В самом острие верхнего острия стоит иногда совершенно один человек. Его радостное узрение подобно внутренней безграничной печали. И те, что стоят всех ближе к нему, его не понимают. В возмущении они зовут его обманщиком и кандидатом в желтый дом. Так стоял осыпаемый бранью в дни своей жизни одинокий Бетховен[3]. Да и один ли он?
Сколько понадобилось лет, чтобы одна из более многолюдных частей треугольника дошла до того места, где он когда-то стоял одиноко. И, вопреки всем памятникам[4], многие ли действительно дошли до этого места?
И в каждой части треугольника есть все элементы и материальной (телесной), и духовной жизни в той или иной квантитативной комбинации. А потому в каждой части есть и свои художники. И тот из них, который способен видеть через грани своей среды, есть пророк в этой части и помогает движению упрямого воза. Если же нет у него этого дальнозоркого глаза или если он у него и есть, но из-за низменных целей художник злоупотребляет своим видением, закрывает свои глаза на то, что непременно зовет непрестанным звучанием души, тогда-то его «понимают» все его сотоварищи по отделению и возносят его и его творения. Таково одно из страшных осязаемых изъявлений таинственного Духа Зла. Чем такое отделение больше (а значит, чем в то же время оно находится ниже), тем больше толпа, которой ясна речь художника. Совершенно при этом ясно, что в каждой такой части есть свое собственное стремление, свой голод духовный – сознаваемый или (гораздо чаще) совершенно бессознательный – к хлебу духовному.

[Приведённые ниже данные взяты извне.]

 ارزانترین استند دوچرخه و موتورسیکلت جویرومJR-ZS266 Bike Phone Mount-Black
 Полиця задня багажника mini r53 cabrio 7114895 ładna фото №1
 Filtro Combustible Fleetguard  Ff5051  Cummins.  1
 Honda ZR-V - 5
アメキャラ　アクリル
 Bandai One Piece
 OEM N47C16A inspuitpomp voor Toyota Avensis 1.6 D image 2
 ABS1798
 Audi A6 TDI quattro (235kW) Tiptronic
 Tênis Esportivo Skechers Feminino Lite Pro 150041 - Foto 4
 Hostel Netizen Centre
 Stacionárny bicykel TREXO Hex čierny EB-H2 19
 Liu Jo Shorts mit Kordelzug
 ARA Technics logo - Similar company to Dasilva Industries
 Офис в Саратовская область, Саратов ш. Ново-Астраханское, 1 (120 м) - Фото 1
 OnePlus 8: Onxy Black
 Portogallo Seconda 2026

Этот хлеб ему дает рука «своего» художника и к нему завтра протянет руку уже ближайшее отделение.
Это схематическое изображение, конечно, не исчерпывает всей картины духовной жизни. Между прочим, оно не показывает одной темной стороны, большого мертвого черного пятна. А именно, часто случается, что духовный хлеб помянутый делается пищей и тех, которые живут уже в высшем отделении. И для них этот хлеб – яд: в маленькой дозе действие его таково, что душа медленно спускается из высшего отделения в низшее; в большой дозе этот яд приводит к падению, влекущему душу во все более и более низкие отделения. Тут дарование человека, «талант» (в смысле Евангелия), может стать проклятием не только для этого дарованием обремененного человека, но и для всех тех, которые едят от этого ядовитого хлеба. Художник употребляет свою силу для служения низменным потребностям, в будто бы художественную форму он включает нечистое содержание, он привлекает к себе слабые силы, неустанно смешивает их с дурными, обманывает людей и помогает им в том самообмане, что будто бы они жаждут духовной жаждой, что будто бы эту духовную жажду они утоляют из чистого источника. Подобные творения не помогают движению вверх, они его тормозят, оттесняют назад вперед стремящееся и рассеивают вокруг себя чуму.